Ask HN: Best practices for technical SEO for domains with more than 100k pages?

3 points by brntsllvn 2 months ago

By "technical SEO" I mean SEO problems that require software development.

What's special about domains with 100,000+ pages (e.g. niche search engines and large e-commerce sites) is that most basic SEO advice is necessary but far from sufficient.

I'm on a project with 1,000,000 pages and only about 50,000 are indexed. My "crawl budget" is absolutely small, but relatively large. How do I make sure the "right" content gets indexed?

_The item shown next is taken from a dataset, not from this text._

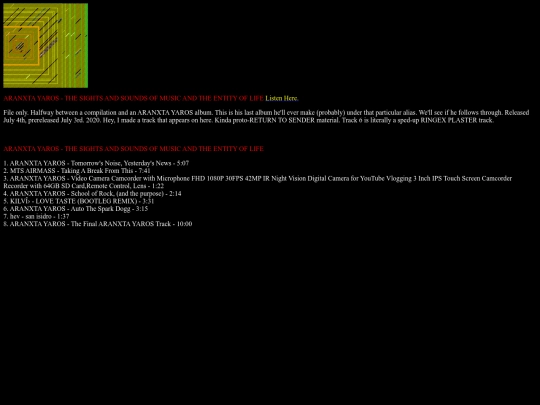 RecordLabel/emcd11 screenshot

How does Google even define "right"?

I seem to be writing a lot of code to answer basic question like "which of my 1,000,000 pages are indexed?" and "which pages should I be actively seeking to index and de-index?"

If you work on "technical SEO" for something like Stack Overflow or Amazon I'd love to learn from you.

And if these are the wrong questions to ask, I'd especially like to learn from you.

vgeek 2 months ago

I'm curious to hear other people's takes on this, too.

How unique is the content on each page? What do the crawled and not indexed vs discovered not crawled ratios look like relative to indexed pages? What does linking to the detail pages look like (category pages, similar items)? How much authority do category pages have in terms of backlinks? Page speed issues-- in GSC, can you manage average download time <100ms (makes a huge difference)?

Noindexing may help-- if you just initially handle that based on page content uniqueness and/or presumed MSV potential for the page. Otherwise, based on your language, can you request a quota increase from the 200/day notifications for the Indexing API?

If you like reading about the topic, maybe head to BHW forums (very poor SNR, though) and read about what some of the more unscrupulous people are doing to index MM+ pages/mo and extract some of the less-risky strategies (e.g. don't abuse the news/job posting APIs to get spam content indexed).

As additional commentary, the last 2-3 months have been chaos in terms of algo updates. There was essentially a 30 day period where Googlebot all but disappeared for most sites, then the two HCUs and other random updates tossed in for good measure, stacked with desktop infinite scroll and the switch to mobile first indexing. I can't remember as many changes happening in a single quarter in over 15 years of being SEO or SEO adjacent.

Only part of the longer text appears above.